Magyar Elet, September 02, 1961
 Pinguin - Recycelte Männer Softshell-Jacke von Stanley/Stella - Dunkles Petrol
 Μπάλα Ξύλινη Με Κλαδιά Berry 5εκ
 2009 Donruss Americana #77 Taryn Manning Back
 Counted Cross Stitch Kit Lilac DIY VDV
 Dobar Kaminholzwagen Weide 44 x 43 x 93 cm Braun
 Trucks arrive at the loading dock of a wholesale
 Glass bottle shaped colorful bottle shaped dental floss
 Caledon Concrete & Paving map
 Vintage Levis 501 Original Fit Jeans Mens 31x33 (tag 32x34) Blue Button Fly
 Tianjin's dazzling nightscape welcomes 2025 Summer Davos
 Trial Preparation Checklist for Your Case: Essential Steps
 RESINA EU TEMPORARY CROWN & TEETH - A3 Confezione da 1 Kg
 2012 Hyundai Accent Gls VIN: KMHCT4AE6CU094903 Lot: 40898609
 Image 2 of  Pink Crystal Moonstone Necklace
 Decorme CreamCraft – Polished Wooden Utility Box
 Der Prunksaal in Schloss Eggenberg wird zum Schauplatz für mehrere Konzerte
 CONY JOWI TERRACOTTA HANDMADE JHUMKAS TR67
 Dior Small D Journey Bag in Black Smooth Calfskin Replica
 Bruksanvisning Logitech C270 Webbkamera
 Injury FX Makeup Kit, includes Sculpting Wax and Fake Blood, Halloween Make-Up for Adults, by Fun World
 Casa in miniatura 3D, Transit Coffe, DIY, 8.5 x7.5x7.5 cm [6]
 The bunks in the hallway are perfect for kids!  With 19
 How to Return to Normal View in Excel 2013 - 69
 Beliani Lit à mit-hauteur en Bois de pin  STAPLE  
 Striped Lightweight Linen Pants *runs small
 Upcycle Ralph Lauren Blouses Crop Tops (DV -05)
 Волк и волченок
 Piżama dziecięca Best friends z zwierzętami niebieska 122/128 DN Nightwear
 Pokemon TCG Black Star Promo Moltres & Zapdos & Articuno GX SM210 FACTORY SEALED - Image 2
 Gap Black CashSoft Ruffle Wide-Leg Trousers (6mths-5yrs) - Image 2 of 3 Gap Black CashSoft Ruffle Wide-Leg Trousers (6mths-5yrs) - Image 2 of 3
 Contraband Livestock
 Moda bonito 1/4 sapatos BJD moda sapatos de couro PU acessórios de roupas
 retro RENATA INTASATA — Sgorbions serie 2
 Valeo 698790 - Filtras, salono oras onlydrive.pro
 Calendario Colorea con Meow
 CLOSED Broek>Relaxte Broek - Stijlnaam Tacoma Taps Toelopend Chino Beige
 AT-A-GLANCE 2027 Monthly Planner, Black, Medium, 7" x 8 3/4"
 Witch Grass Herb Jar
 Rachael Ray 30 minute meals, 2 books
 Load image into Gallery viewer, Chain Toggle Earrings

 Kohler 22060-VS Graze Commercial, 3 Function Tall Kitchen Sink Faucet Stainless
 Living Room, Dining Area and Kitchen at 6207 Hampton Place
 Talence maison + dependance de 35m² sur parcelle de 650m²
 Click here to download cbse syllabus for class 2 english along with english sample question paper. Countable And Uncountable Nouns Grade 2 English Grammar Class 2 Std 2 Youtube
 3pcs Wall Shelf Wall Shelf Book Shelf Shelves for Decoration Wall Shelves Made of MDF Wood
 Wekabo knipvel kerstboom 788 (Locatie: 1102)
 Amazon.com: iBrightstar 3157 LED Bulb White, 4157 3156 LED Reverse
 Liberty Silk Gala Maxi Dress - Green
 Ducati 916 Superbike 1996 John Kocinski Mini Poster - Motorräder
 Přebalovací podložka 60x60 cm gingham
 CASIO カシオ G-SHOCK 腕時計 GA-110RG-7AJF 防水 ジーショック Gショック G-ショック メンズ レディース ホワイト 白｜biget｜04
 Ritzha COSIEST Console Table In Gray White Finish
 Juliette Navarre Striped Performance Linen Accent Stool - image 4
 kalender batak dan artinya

......

* Try it *
Print the line containing "Ducati 916 Superbike" and every line after it to the end of the records above, exactly as written, and nothing else.

* Written answer *
 Ducati 916 Superbike 1996 John Kocinski Mini Poster - Motorräder
 Přebalovací podložka 60x60 cm gingham
 CASIO カシオ G-SHOCK 腕時計 GA-110RG-7AJF 防水 ジーショック Gショック G-ショック メンズ レディース ホワイト 白｜biget｜04
 Ritzha COSIEST Console Table In Gray White Finish
 Juliette Navarre Striped Performance Linen Accent Stool - image 4
 kalender batak dan artinya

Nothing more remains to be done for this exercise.